— WORK REQUIRED —
Should an entry contain an image, omit it and repeat the rest exactly.

START RECORDS FOR THE TASK

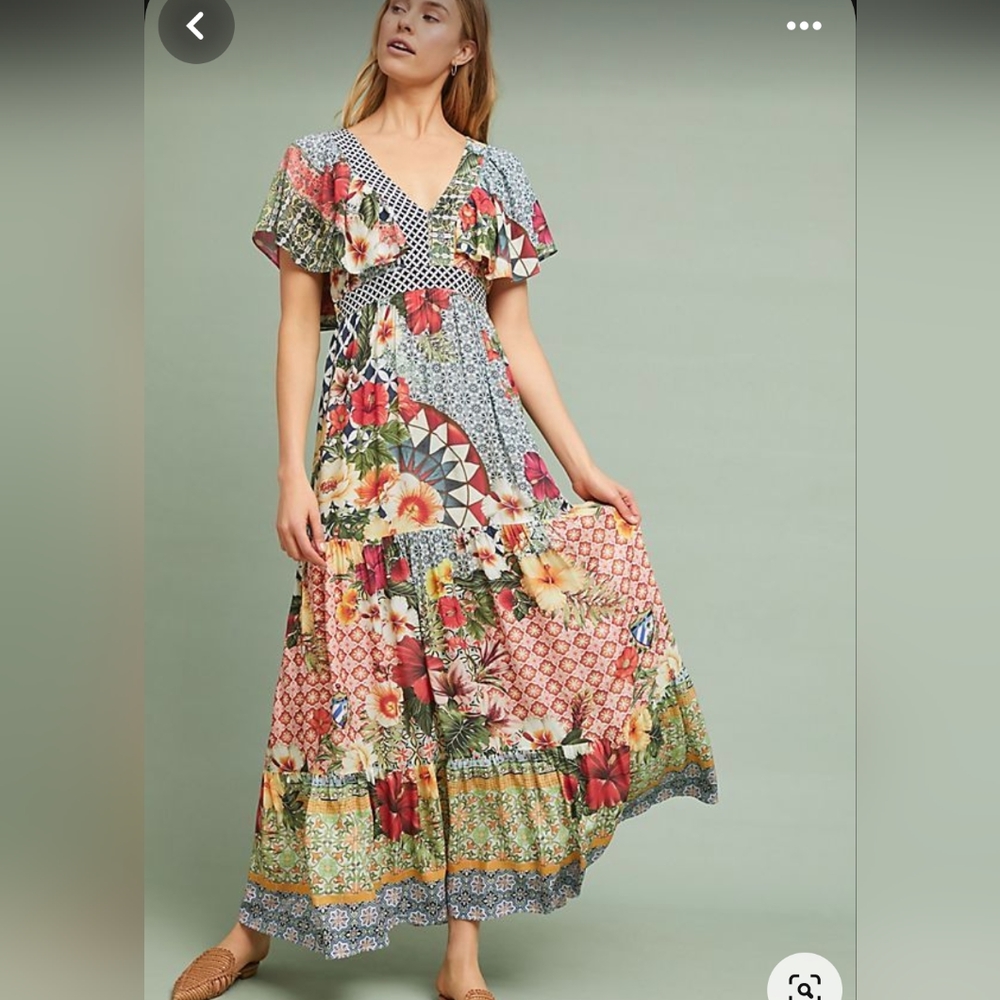 FARM Rio dress designed in Brazil Farm Rio Helja Maxi Dress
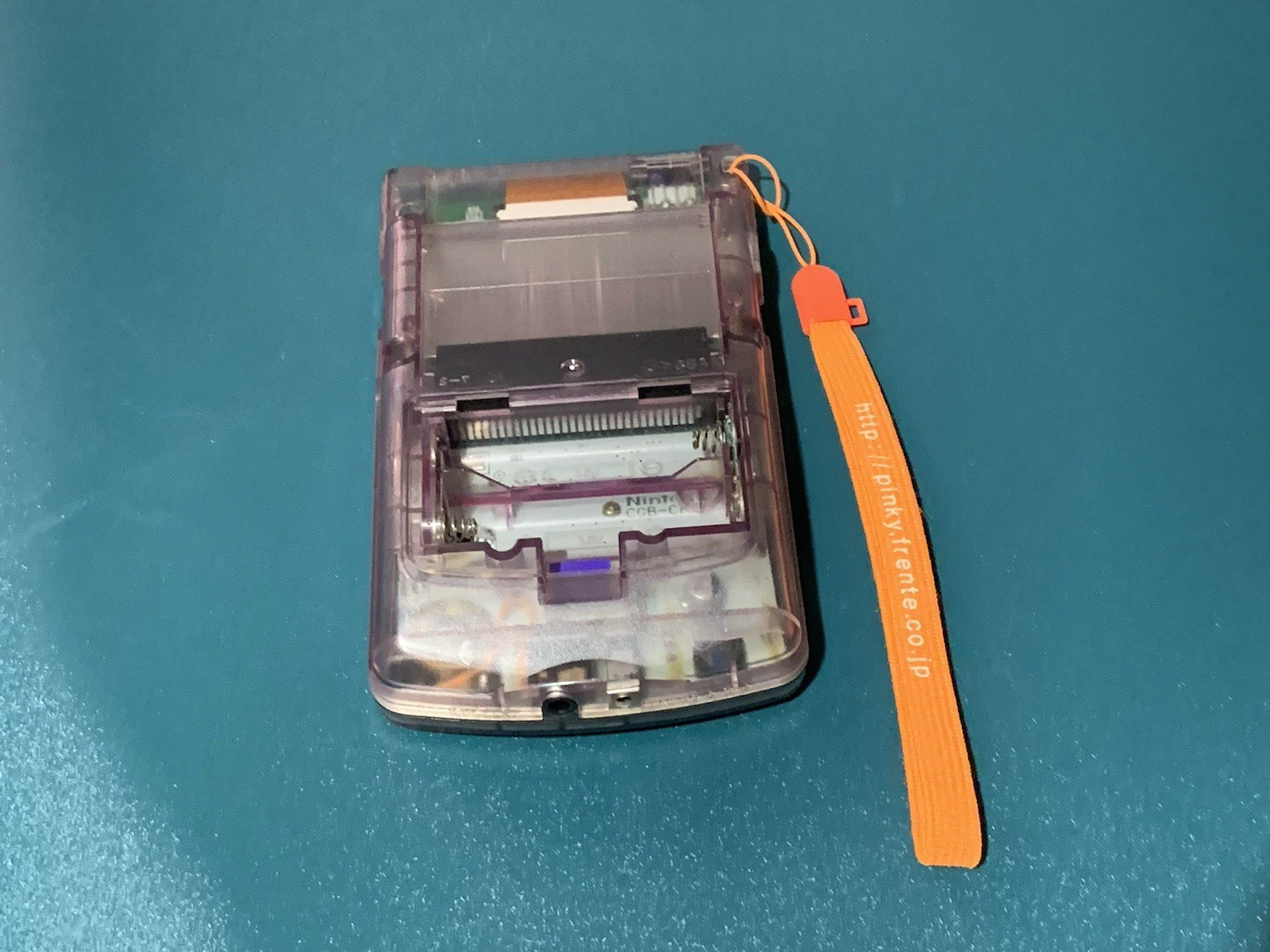 Game Boy Color Atomic Purple Nintendo Backcover Missing Skeleton CGB-S-SA Repair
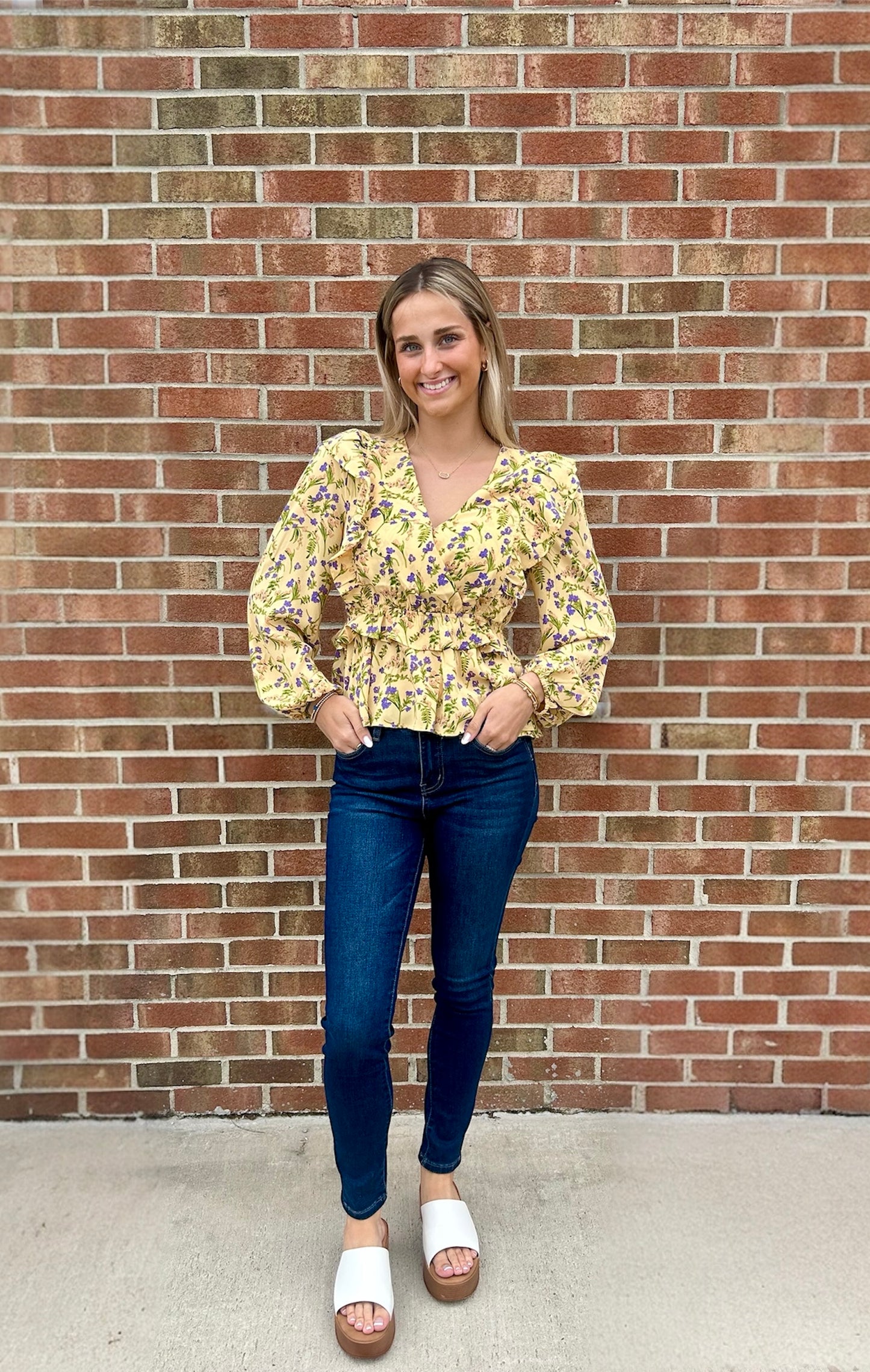 Lisa Floral Top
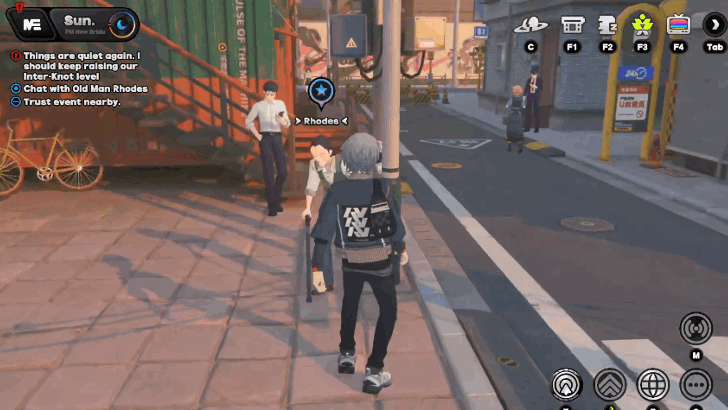 Chat With Old Man Rhodes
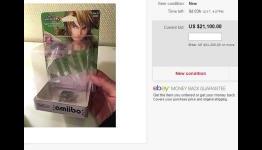 Factory defect invisible Link Amiibo for sale on eBay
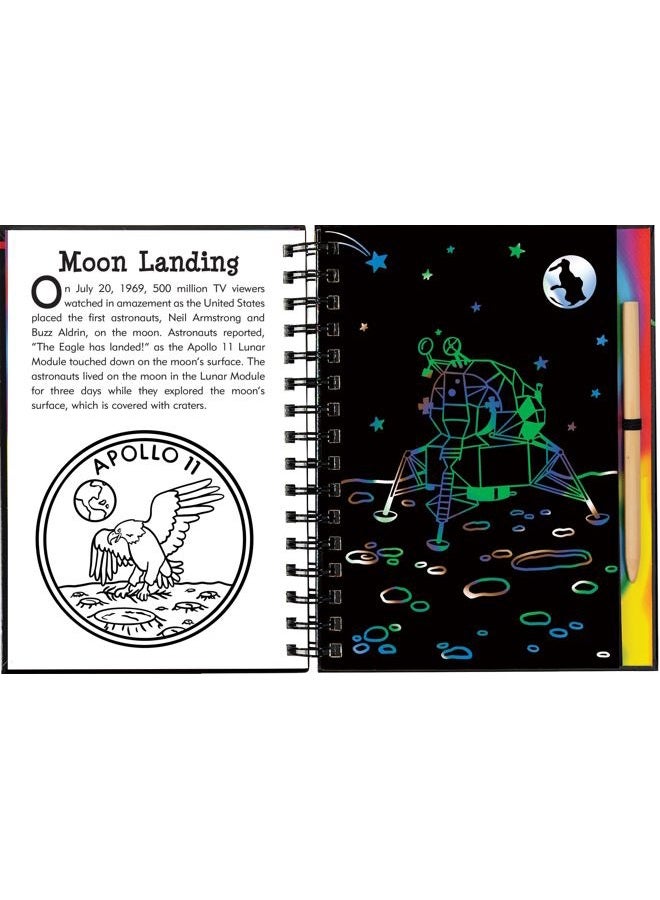 Peter Pauper Press Scratch & Sketch(tm) Solar System (Trace Along) - Image 3
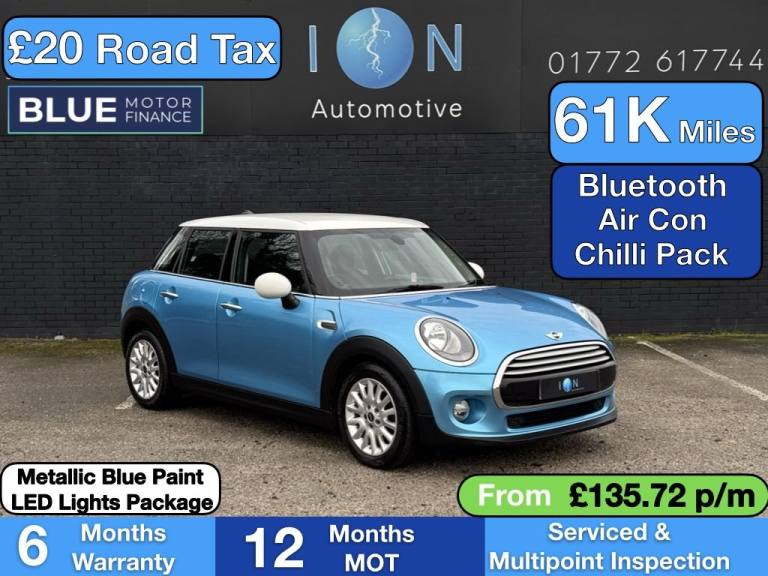 2014 MINI Hatch 1.5 Cooper D 5dr HATCHBACK DIESEL Manual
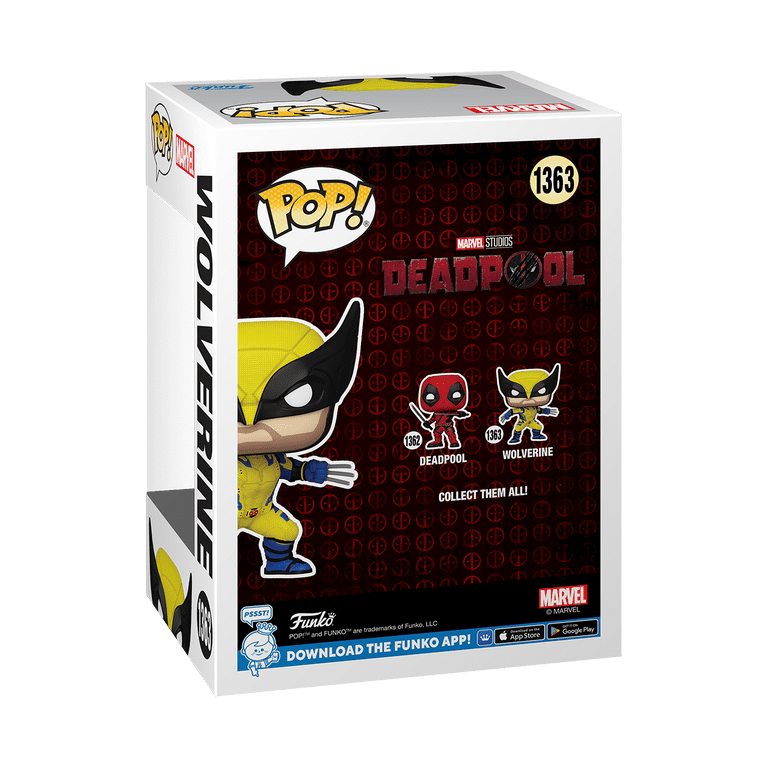 Funko POP Marvel Deadpool 3 Wolverine Vinyl Collectible Figure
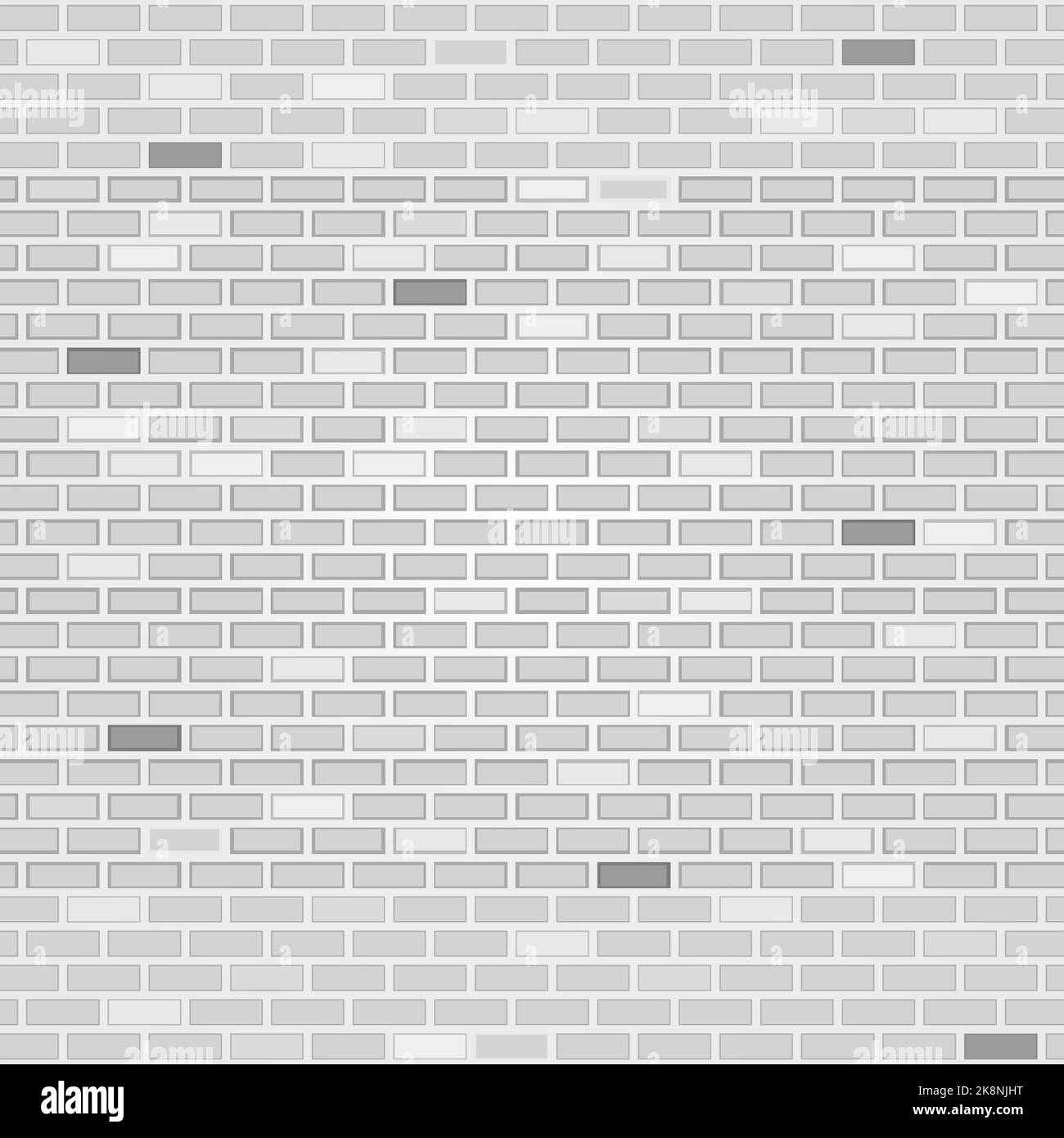 White brick wall background. Vector illustration Stock Vector Image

END RECORDS FOR THE TASK

— FINISHED EXERCISE —
 FARM Rio dress designed in Brazil Farm Rio Helja Maxi Dress
 Game Boy Color Atomic Purple Nintendo Backcover Missing Skeleton CGB-S-SA Repair
 Lisa Floral Top
 Chat With Old Man Rhodes
 Factory defect invisible Link Amiibo for sale on eBay
 Peter Pauper Press Scratch & Sketch(tm) Solar System (Trace Along) - Image 3
 2014 MINI Hatch 1.5 Cooper D 5dr HATCHBACK DIESEL Manual
 Funko POP Marvel Deadpool 3 Wolverine Vinyl Collectible Figure
 White brick wall background. Vector illustration Stock Vector Image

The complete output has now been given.